We’ve learned that two out of three people who struggle with depression don’t get help for it.

And so I think basically if someone is struggling and they’re struggling alone and they’re not connecting with professional help, if they don’t end up sitting with a counselor, if they never end up seeing a doctor or a psychiatrist who they could talk about medication.

I think a lot of that is there’s such a stigma and sense of shame, that many people who do struggle end up isolating themselves. They end up thinking they have to keep this stuff a secret or they have to keep their pain a secret. They end up believing they’re odd to feel this way, or they’re one of the only ones who feels this way.

Often times I think we’re afraid of the response we might be met with. We’re afraid of being judged. We’re afraid we might lose our jobs or be sent home. There are a lot of factors and I think it definitely comes back to the stigma.

Look at other things: There’s not a stigma with breaking your arm; there’s not a stigma with getting the flu, or even with something like dealing with cancer. But when it comes to mental health or thoughts of suicide, there very much is a stigma. We don’t approach it the same way; we don’t talk about it the same way.

How can we help de-stigmatize this conversation?

The first place to start is with relationships. We just want to encourage people to have honest conversations and to start with the people that you’re connected to. To start with our friends and family where we have the most influence, obviously.

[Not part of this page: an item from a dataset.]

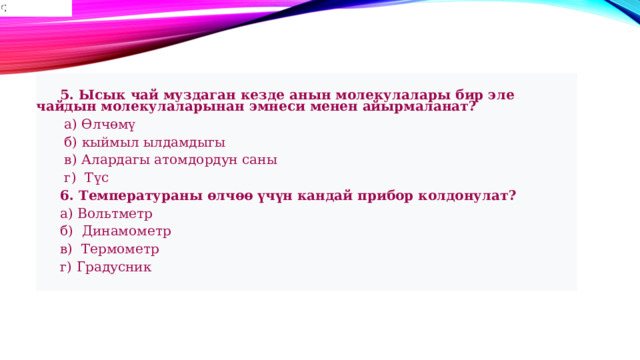   5. Ысык чай муздаган кезде анын молекулалары бир эле чайдын молекулаларынан эмнеси менен айырмаланат?   а) Өлчөмү   б) кыймыл ылдамдыгы   в) Алардагы атомдордун саны   г) Түс  6. Температураны өлчөө үчүн кандай прибор колдонулат?  а) Вольтметр  б) Динамометр  в) Термометр  г) Градусник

I think a lot of times we wonder about this word “depression” and we think about it in a clinical way, which certainly makes sense. But there’s so much value in knowing or at least asking how the people around us are doing.

That might sound like a really simple place to start, but I think that really is a good place to start. Because so often you hear these stories after the fact where there’s a suicide and so many people say, “Oh my gosh I had no idea.”

We can’t control how someone answers the “how are you” question. We can’t control the response we’re met with, but we can control whether or not we keep showing up.

Certainly there’s warning signs. I think if you notice someone isolating, if you notice someone’s behavior changing, it’s ok to express concern.

What about the flipside—what about the person who is struggling with depression on some scale? What can that person do or what’s at least a first step?

We point to two things really above everything else.

We think everyone deserves a support system. And you could insert whatever word you’re comfortable with—”community,” “friends”—but the hope is that you can start by being honest with someone. And then, beyond that, this person needs to know there’s a time where we need more help than our friends can provide.

Just as you would see an expert for your car or when something breaks at your house, we think when it comes to mental health it makes sense to see an expert. and so we love to point to counseling.

We know that can be an intimidating phone call or an intimidating first appointment. But what we hear time and time again is what started out as a scary hour of the week somehow gets rewired and actually starts to feel like the most important hour of the week.

Not that it’s easy or super fun, but there’s a sense of progress and a sense of healing—and all of a sudden you’re talking about things that you really need to talk about.